*DIRECTIONS FOR THIS TASK:* The lines from the one containing "impilare i biscotti" through the last one in the data: please copy those exactly, and only those, without the pictures.

*RECORDED DATA:*
· · · · · · ·

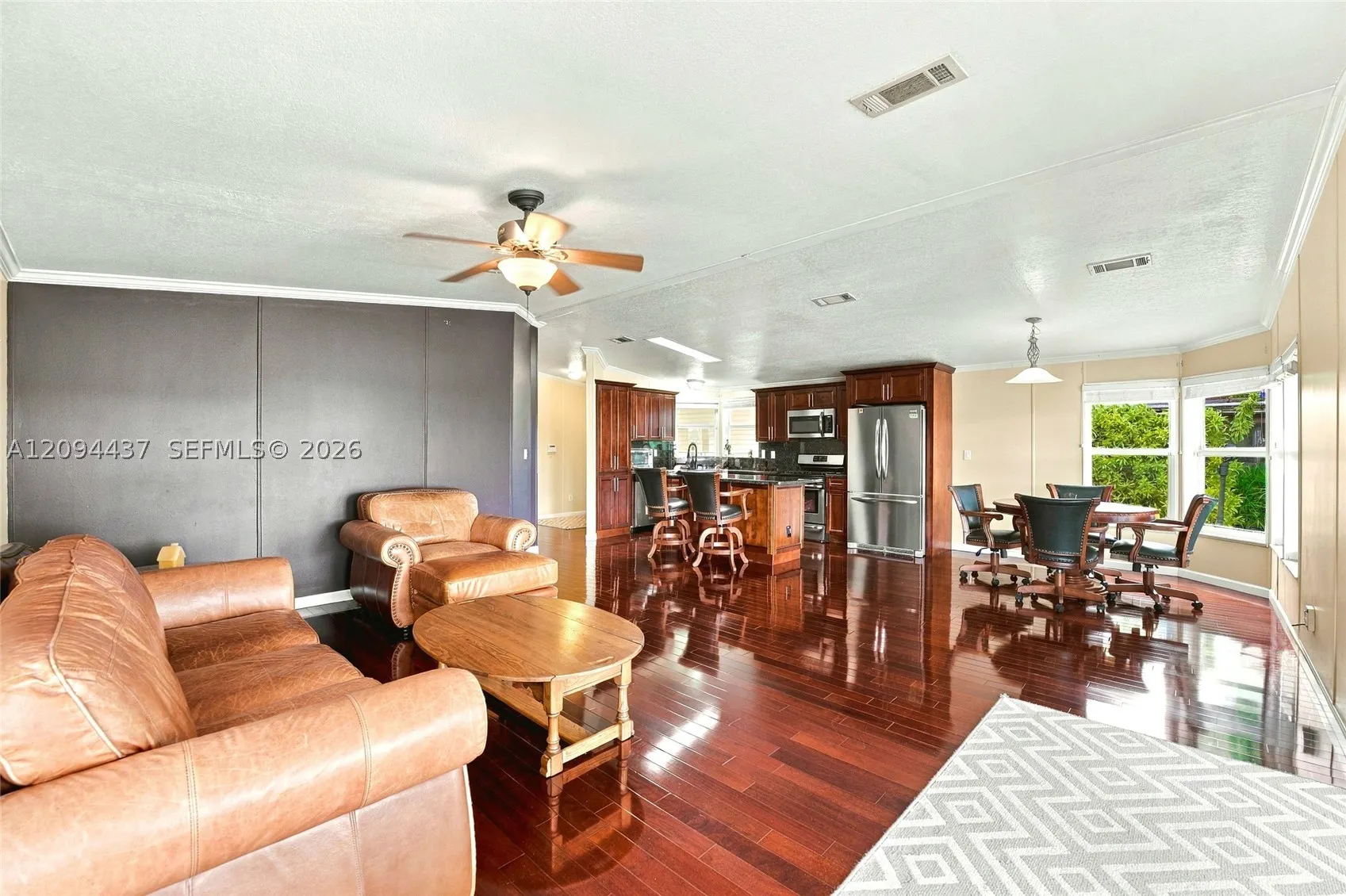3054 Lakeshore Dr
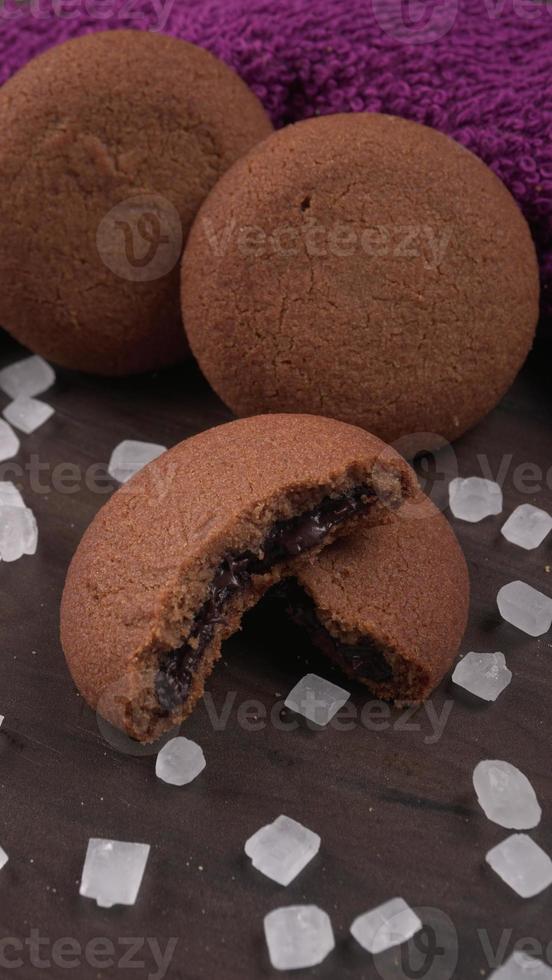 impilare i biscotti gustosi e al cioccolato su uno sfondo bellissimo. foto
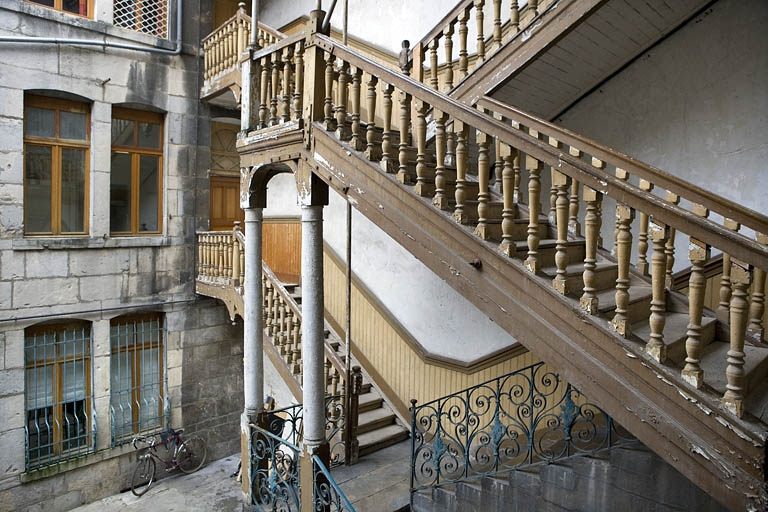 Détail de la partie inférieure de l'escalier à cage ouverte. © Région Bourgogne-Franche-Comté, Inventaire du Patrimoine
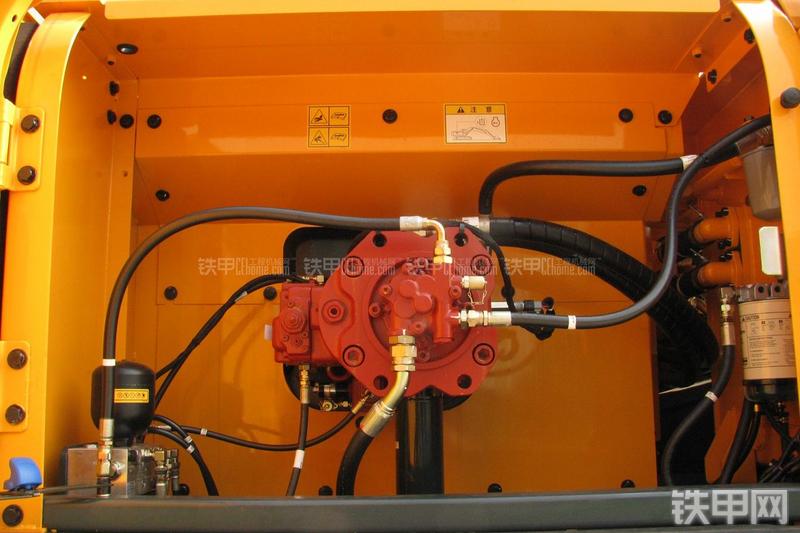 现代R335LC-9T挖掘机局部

· · · · · · ·

*RESPONSE TO THE EXERCISE:*
 impilare i biscotti gustosi e al cioccolato su uno sfondo bellissimo. foto
 Détail de la partie inférieure de l'escalier à cage ouverte. © Région Bourgogne-Franche-Comté, Inventaire du Patrimoine
 现代R335LC-9T挖掘机局部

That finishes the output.